#1 Force theorem gets an error with MPI by Dongzhe 19.04.2021 17:50

Dear,

After the nice FLEUR workshop last week, I compiled the fleur_MPI in the HPC, and "ctest -I 1,35" passed successfully.

These are the modules loaded:
1) intel/18.2 3) netcdf/4.6.1 5) gcc/7.3.0 7) python/3.7.6-nointel 8) fftw/3.3.8
2) intelmpi/18.2 4) hdf5/1.10.2-intelmpi 6) cmake/3.11.2

I have successfully done the non-collinear SCF calculations including SOC with "Number of MPI-tasks: 36". However, if I run the Force theorem calculations in parallel, after the first step SCF, the code stops and produce the following error message:

elementName Forcetheorem_Loop
attributeNames calculationTypeNo
attributeValues MAE 1
elementList
ERROR: xml hierarchy too deep!

On the other hand, if I run with a single core, no problems... It seems like the force theorem part does not support the MPI parallelization.
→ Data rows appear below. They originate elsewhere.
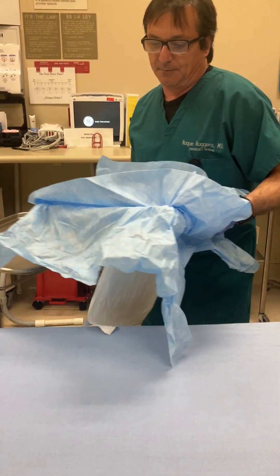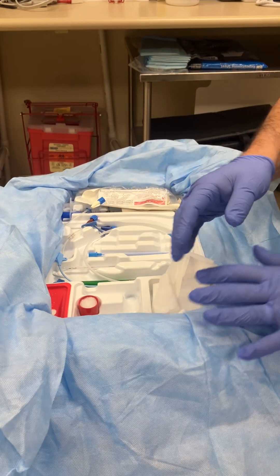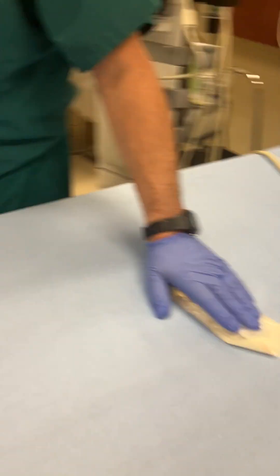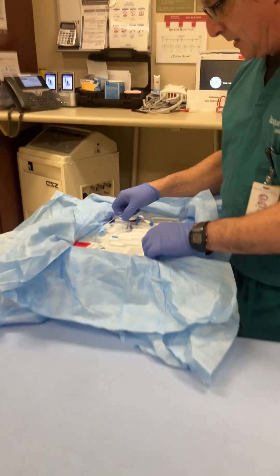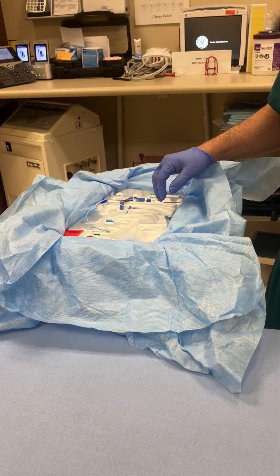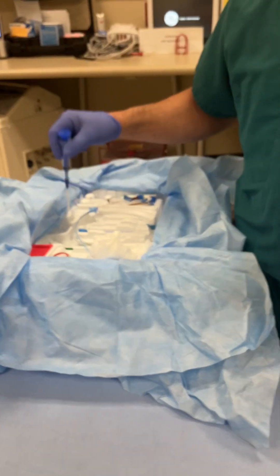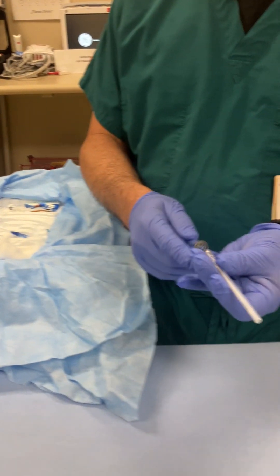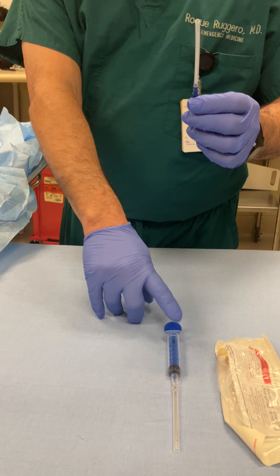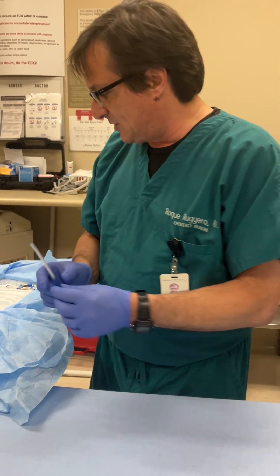I'm going to place the equipment here. I usually keep things in the tray until I need them, but I'll take things out so you can see what we're doing. We're going to start by using chloroprep to clean the skin. If the patient was awake and conscious, we might use lidocaine as well. The first thing is the introducer needle, which is a large gauge needle. At the end, I'll explain how instead of using an introducer needle, there's also the option of using a catheter to place the central line, and the technique is just a little bit different.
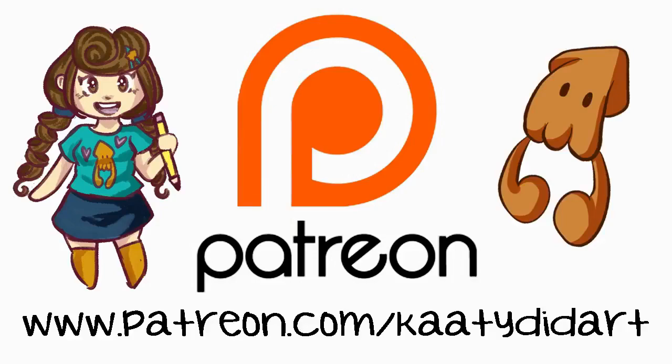If you enjoy the video and my content, please consider supporting my channel over on Patreon at patreon.com slash katydidart. Thanks so much!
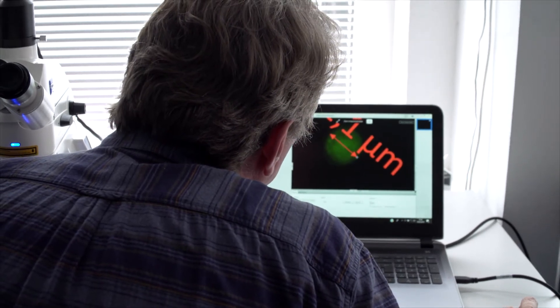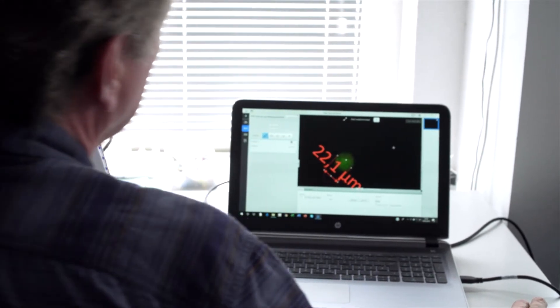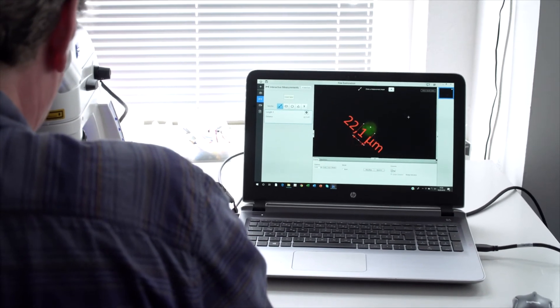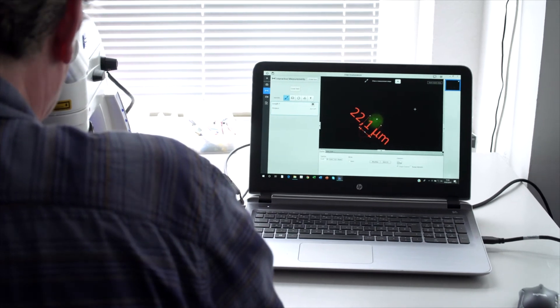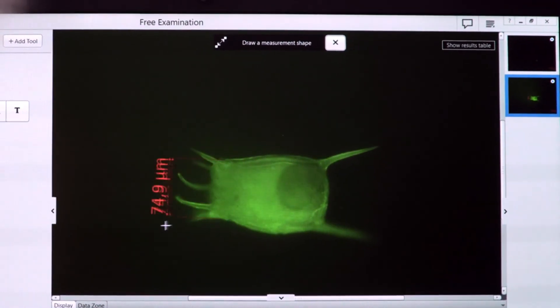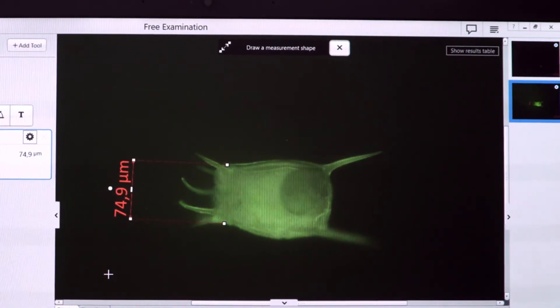I take a photo and then change to the size measurement. This is 22.1 microns in minimum dimension — so we have one survivor on the discharge. Here is another one, but there is also phytoplankton in this shape. This one is 74.9 microns — that is then too big.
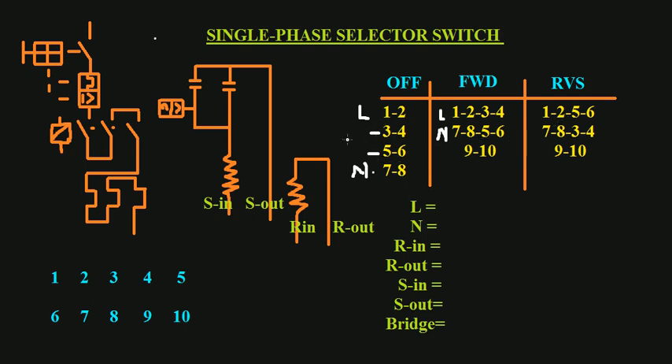To recap: terminals one and two are our live. The numbers that connect to one and two — which we find in the off position — cannot be our neutral. Three, four, five, and six all connect with one and two. Terminal seven does not connect with one and two anywhere. Seven and eight connect with five and six and also with three and four, but not with one and two. So seven and eight are our neutral. Terminal one is our live, seven is our neutral, three is our run-in, and five is our run-out.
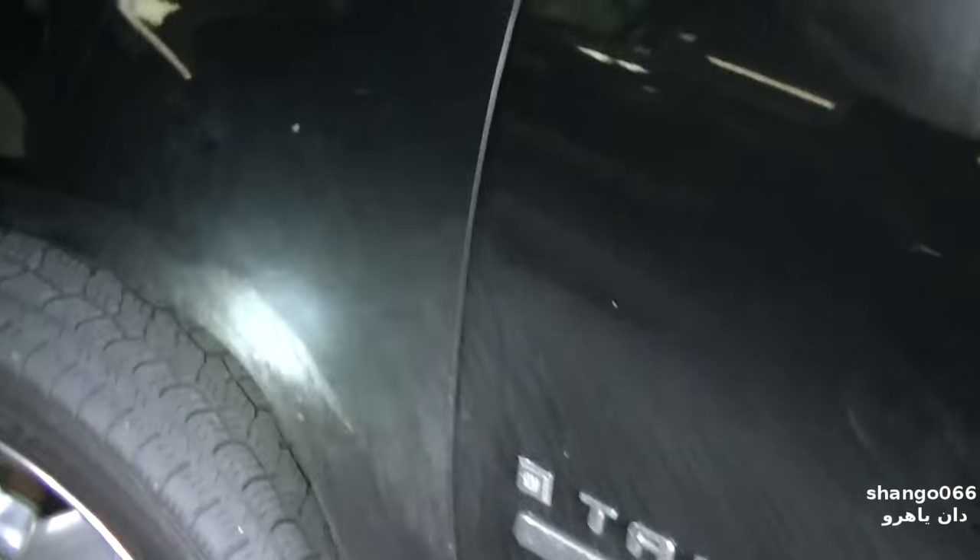This is a 2009 Chevy Tahoe. What motor is this? 5.3?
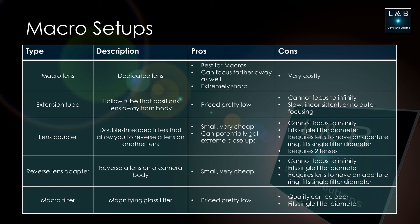Before I wrap up, let me go through the other types of macro setups besides extension tubes. Starting from the top: if you're using an official macro lens, you have a dedicated lens that is best for macros. For less costly options, you have extension tubes as covered in this video. You also have a lens coupler, which requires two lenses — one reversed — to do macro photography. Both the lens coupler and a reverse lens adapter require a lens with a physical aperture ring. Finally, there are macro filters — I've never tried one, but the quality can vary and often be on the low side, so just watch out for that.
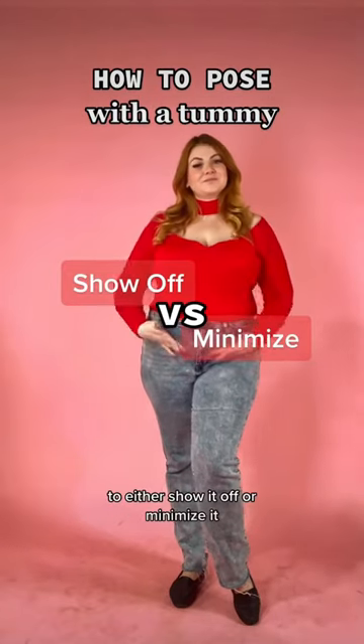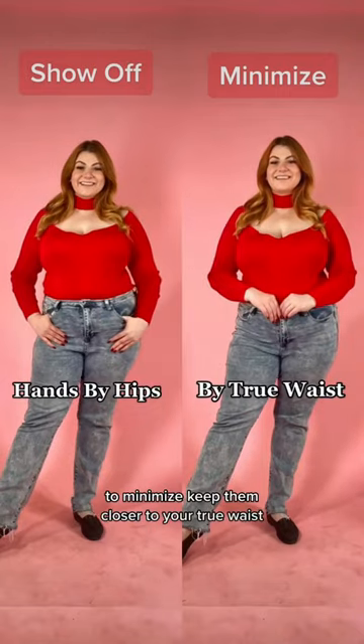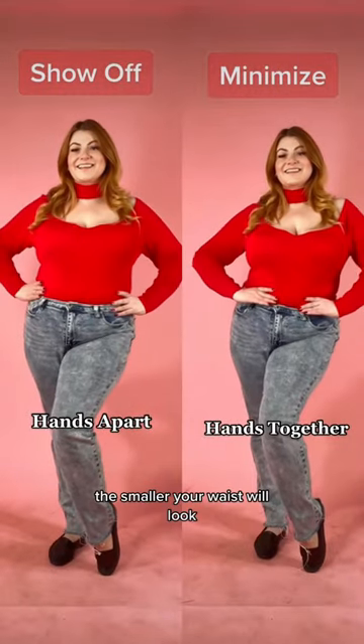If you have a tummy, here's how you can pose to either show it off or minimize it. To show off, keep your hands by your hips. To minimize, keep them closer to your true waist. Show off by bending your front arm, and minimize by crossing it over. The closer you place your hands together, the smaller your waist will look.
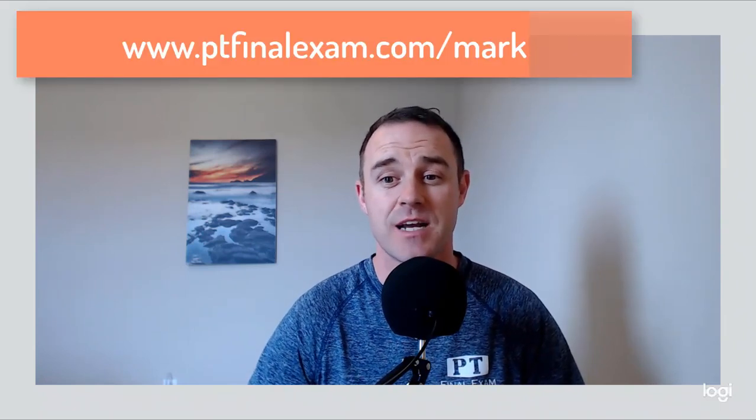And that is your upper limb myotomes using the basketball free throw. Thanks for watching the video. If you like what you saw and you need help with your MPTE preparation, head over to PT Final Exam where we've got a wide array of products and courses to help you on that journey. If you are wanting to sign up, head over to PT Final Exam forward slash mark where you will find all of our up-to-date discounts and coupon codes for all of our products. Hope to see you there.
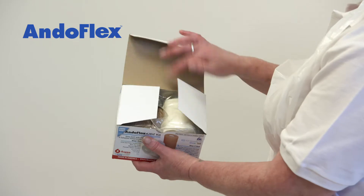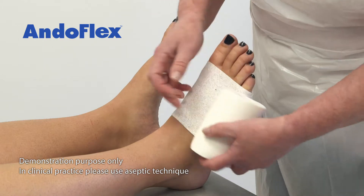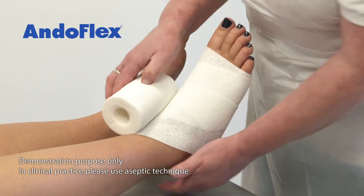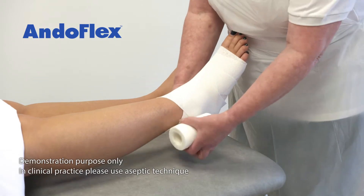Application is as simple as 1, 2, 3. Apply layer 1 starting at the base of the toes, winding behind the heel and continuing up the leg with a 50% overlap. The plantar surface of the heel can be covered or left exposed for patient comfort at the clinician's discretion.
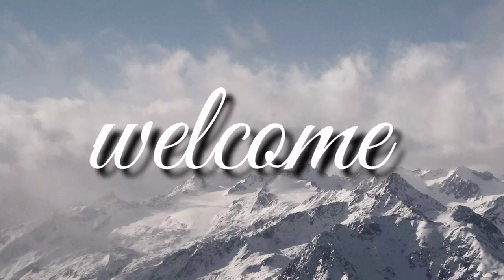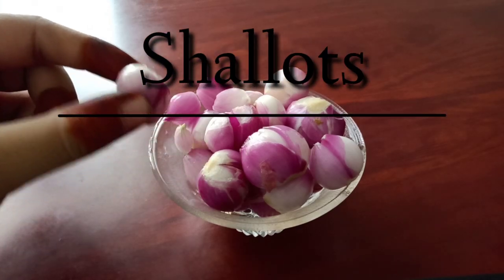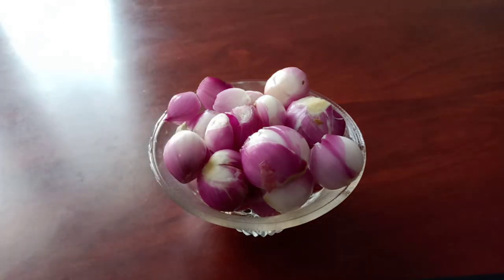Hello everyone, welcome back to my channel. Today we're going to learn how to prepare a shallots hair pack. It's a very popular home remedy. This juice has sulfur which is easily absorbed in the scalp, and it helps in regrowth of hair and to prevent hair loss. When applied on your hair, shallots hair pack is mainly used for baldness, hair growth, and hair loss.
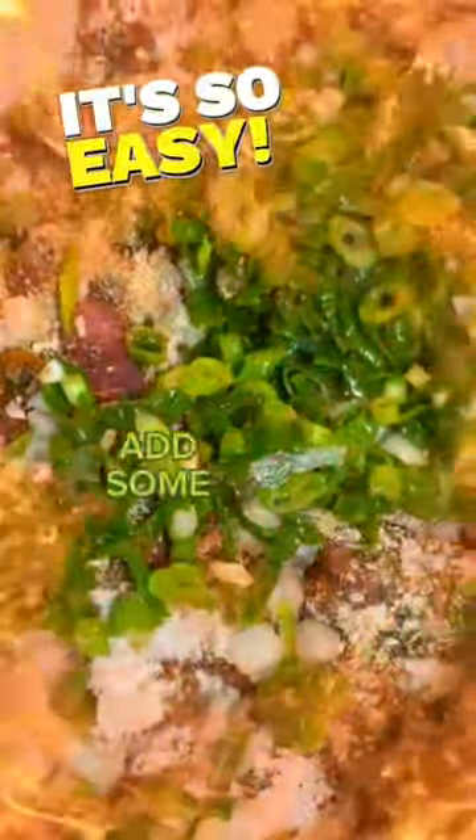Now when we're cooking it, we're going to add some other stuff to it once we start cooking. I got the sweet and hot peppers. I got the yellow bell pepper and the orange bell pepper as well, and place those in here.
Thank you in advance for your suggestions and comments.
Best regards,
Dongzhe Li

#2 RE: Force theorem gets an error with MPI by wortmann 20.04.2021 11:50

Thanks a lot for the report, we will look at this. I will also move this discussion to the Magnetism section.

Daniel

#3 RE: Force theorem gets an error with MPI by Gregor 20.04.2021 17:07

Thank you for reporting the issue. I was able to reproduce and fix the problem in the newest development version.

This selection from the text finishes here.